I got the call from Sweden on a snowy winter's day in Upstate NY.Henkan, head honcho of Twin Club M.C.'s Custom Bike Show in Norrtelje was on the line. “Yo, TBear, are you planning on coming back to judge our show again this June?”
“Shit yea man, you know I wouldn't miss it” I told him.
“You're gonna stay at the club house again right?”
“Hell yes, with that 3 day 24/7 party going on I won't have too far to fall.” So the die was cast.

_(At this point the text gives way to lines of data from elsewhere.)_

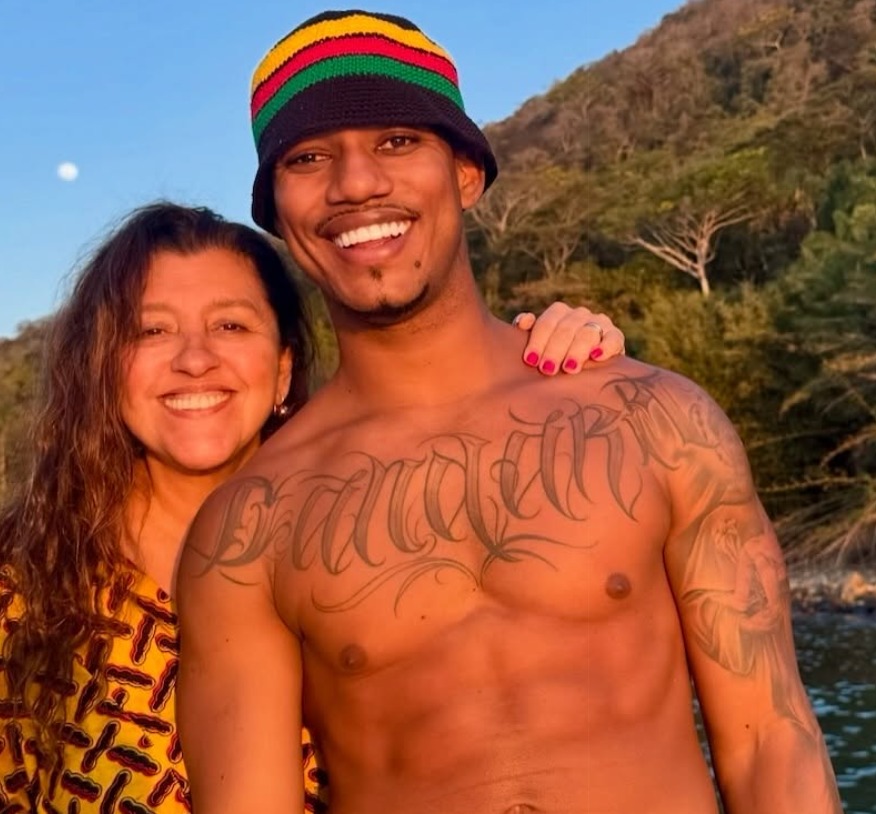 Regina Casé se encontra com o cantor O Kannalha na Bahia e agradece a Preta Gil: ‘Obrigada’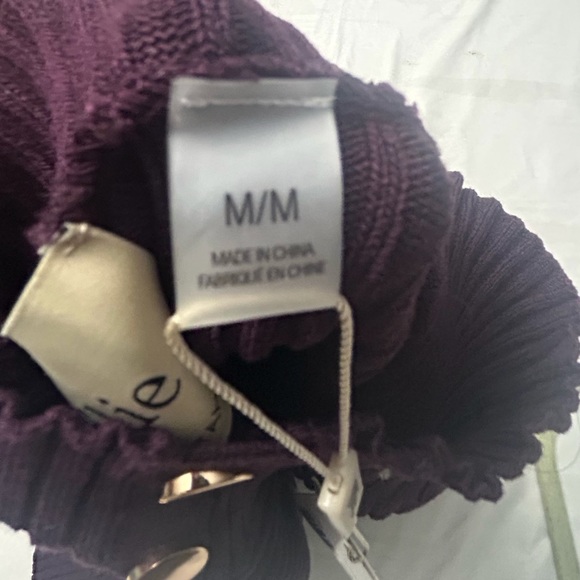 Elie Tahari sweater - Picture 12 of 15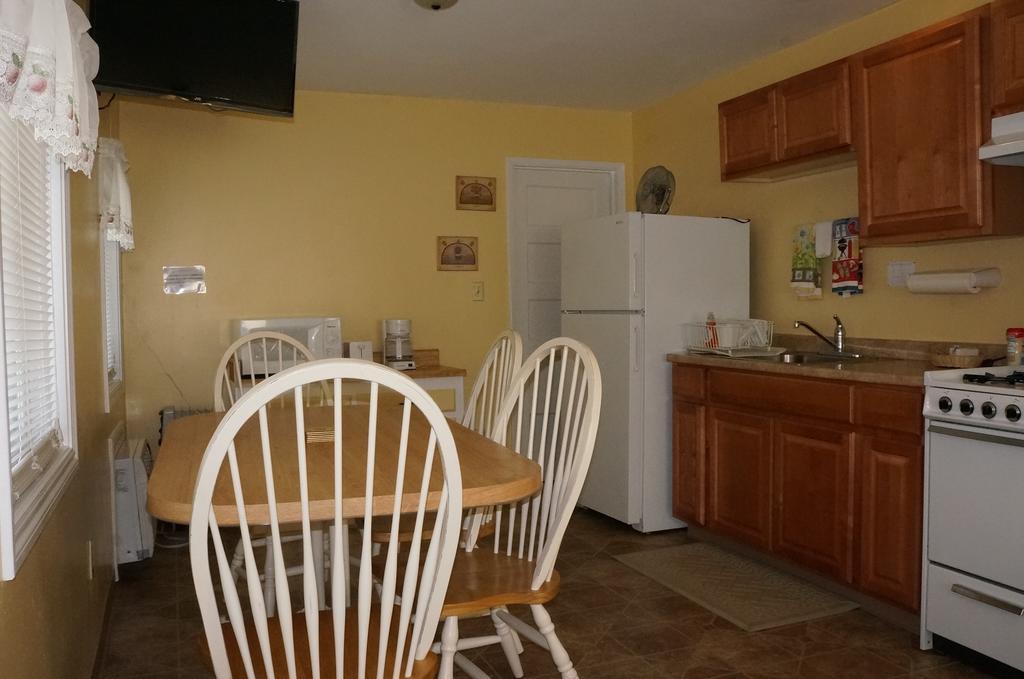 Lake Place Resort Glenhaven Room photo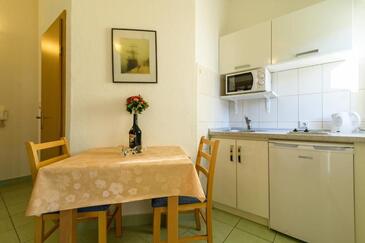 Apartmaji s parkingom Marina, Trogir - 25135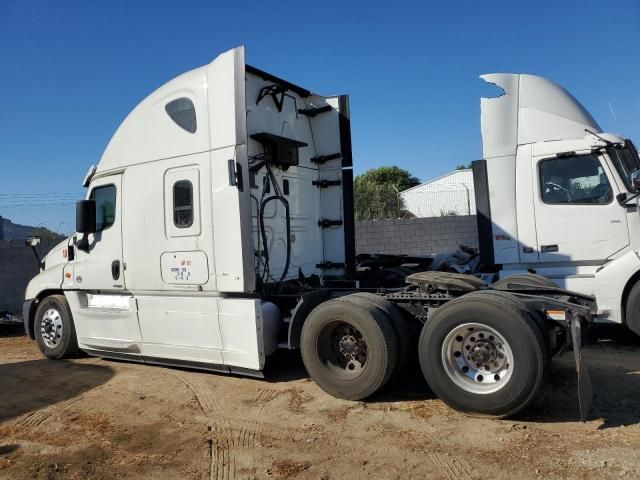 2015 Freightliner Cascadia 125 Semi Truck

Twin Club M.C. has been hosting the biggest and most raucous biker event in all of Scandinavia for 33-years now. Bikers from all over Europe ride in droves to compete and check out bikes from as far away as the U.K., Spain, Holland, Italy, Russia, and Finland. With over 100 acres of land behind their club house, tents start popping up as far as a week in advance of the show on the waterfront in the quaint little sea-side town of Norrtelje about an hours ride North of Stockholm.
It's one of my personal favorite shows. If you're an old gray beard like me, you long for the runs of days gone by where you just show up with your tent strapped to your handle bars, a cutie on the bitch pad and your saddle bags stuffed full of moonshine and beef jerky. No rip-off vendors charging you $5.00 for a bottle of designer water or tents full of bubble wrapped bling-bling for your shiny new Harley. No hotels bending you over for $300 a night for a $30 hotel room. For the Swedish equivalent of a crisp $20 bill, you get into the show, a place to pitch your tent for up to a week, 3 stages of kick ass music all day and night and get this, $1.00 beers!
Damn, I miss the old days here in the States before Discovery's Biker Build-Off and the Turtle Heads gave every asshole with a Gold Card the idea that they too could be hard-core bikers, but I digress.
With well over 500 different styles of bikes entered this year, judging the show was a little overwhelming, especially when you toss into the mix the distractions of the fabled hot Swedish Blonde honeys roaming the rows of innovative hand crafted creations.
American biker culture is over the top across the pond. Seems that everything Yankee made is in high demand on the Swede's priority list and to my great fortune and this even extends to bald, bearded biker photojournalists, a fact that I continue to be eternally grateful for. So with a hottie on each arm, I proceeded to do my best to separate the wheat from the chaff, both bike and babe-wise.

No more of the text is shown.